TAIPEI (Taiwan News) — China has called comparing Taiwan and Ukraine an act of “malicious hyping” and has dodged foreign press questions about its view on Russia declaring the independence of Luhansk and Donetsk.
During the Taiwan Affairs Office’s routine press conference on Wednesday (Feb. 23), Spokesperson Ma Xiaoguang (馬曉光) responded to a reporter’s question pertaining to the Taiwan government’s statement that Taiwan empathizes with Ukraine. “Such ‘empathy’ comes from self-indulgence,” said Ma, who insisted that “Taiwan is an indivisible part of China” and thus “the Taiwan problem is part of China’s domestic politics.”
He claimed that the Taiwanese government has been “working with the American and Western discussions to maliciously hype up the so-called Chinese ‘military threat,’” which is a “scheme to ‘internationalize’ the Taiwan problem.”
Just the day before, the Chinese Ministry of Foreign Affairs answered several foreign reporters’ questions about China’s stance on Ukrainian separatism by repeating multiple times, “China’s stance on the Ukraine issue has been persistent.” However, foreign ministry spokesperson Wang Wenbin (汪文斌) did not explain what “China’s persistent stance” was.
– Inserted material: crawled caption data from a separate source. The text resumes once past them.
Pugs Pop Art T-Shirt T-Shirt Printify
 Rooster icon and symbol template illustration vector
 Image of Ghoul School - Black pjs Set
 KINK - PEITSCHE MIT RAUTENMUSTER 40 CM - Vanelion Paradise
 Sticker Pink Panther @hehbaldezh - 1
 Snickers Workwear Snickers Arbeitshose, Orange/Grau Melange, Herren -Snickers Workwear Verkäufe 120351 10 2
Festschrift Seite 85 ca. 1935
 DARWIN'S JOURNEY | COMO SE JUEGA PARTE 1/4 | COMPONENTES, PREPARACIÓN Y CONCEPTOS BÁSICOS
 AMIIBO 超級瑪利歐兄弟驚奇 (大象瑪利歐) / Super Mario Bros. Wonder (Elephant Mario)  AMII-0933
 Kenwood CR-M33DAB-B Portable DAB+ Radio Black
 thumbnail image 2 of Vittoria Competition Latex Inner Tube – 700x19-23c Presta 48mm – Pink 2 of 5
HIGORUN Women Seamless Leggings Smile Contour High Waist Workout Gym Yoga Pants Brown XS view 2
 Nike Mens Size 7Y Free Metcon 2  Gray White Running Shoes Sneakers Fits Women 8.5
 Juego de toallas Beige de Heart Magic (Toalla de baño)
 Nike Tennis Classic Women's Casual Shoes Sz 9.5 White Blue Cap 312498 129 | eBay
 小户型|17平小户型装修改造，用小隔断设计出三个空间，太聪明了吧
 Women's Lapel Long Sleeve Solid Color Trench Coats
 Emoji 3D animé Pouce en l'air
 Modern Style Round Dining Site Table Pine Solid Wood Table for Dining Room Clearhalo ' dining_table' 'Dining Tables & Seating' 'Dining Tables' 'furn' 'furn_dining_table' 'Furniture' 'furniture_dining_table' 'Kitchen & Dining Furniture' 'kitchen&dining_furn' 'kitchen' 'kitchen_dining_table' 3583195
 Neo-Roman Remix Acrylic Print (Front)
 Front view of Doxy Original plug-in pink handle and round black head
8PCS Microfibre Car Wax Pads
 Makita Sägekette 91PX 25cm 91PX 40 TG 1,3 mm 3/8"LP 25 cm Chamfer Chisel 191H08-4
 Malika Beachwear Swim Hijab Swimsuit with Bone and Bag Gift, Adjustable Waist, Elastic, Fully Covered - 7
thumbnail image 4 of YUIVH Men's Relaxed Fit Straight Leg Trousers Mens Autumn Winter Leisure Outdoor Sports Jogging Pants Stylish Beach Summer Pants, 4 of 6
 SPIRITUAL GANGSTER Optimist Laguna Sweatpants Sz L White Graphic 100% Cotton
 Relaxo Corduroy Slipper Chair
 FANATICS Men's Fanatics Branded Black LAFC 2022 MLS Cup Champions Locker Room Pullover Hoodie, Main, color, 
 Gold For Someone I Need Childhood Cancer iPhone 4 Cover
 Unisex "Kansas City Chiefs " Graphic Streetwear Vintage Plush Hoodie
“Any country’s reasonable security concerns should be respected… China will continue to contact various parties according to the issue’s own right and wrong,” Wang said in response to Agence France-Presse’s question on whether China agreed that Russia’s recognition of Ukraine’s “separatist regions” infringed upon Ukraine’s sovereignty.
When asked by Reuters if China acknowledged that “The Republic of Donetsk” and “The Republic of Luhansk” were new, independent countries, Wang answered, “I have introduced China’s stance on the Ukraine issue just now. The Ukraine issue comes with complex historical, geographical, and realistic factors, China’s stance on the Ukraine issue has been persistent, clear, and has not changed.”
He repeated the statement several times as the press conference progressed, including when The New York Times compared Russia’s insistence that Ukraine is not an independent country to China’s insistence that Taiwan is part of its territory. Wang emphasized that “Taiwan is an indivisible part of China.”
Bloomberg reporter Matthew Brooker tweeted about China’s “tricky dilemma,” writing that its avoidance of addressing the issue stems from the fact that “accepting Putin’s actions means endorsing separatism.”
“If Donetsk and Luhansk can be independent nations, then why not Taiwan?” Brooker wrote.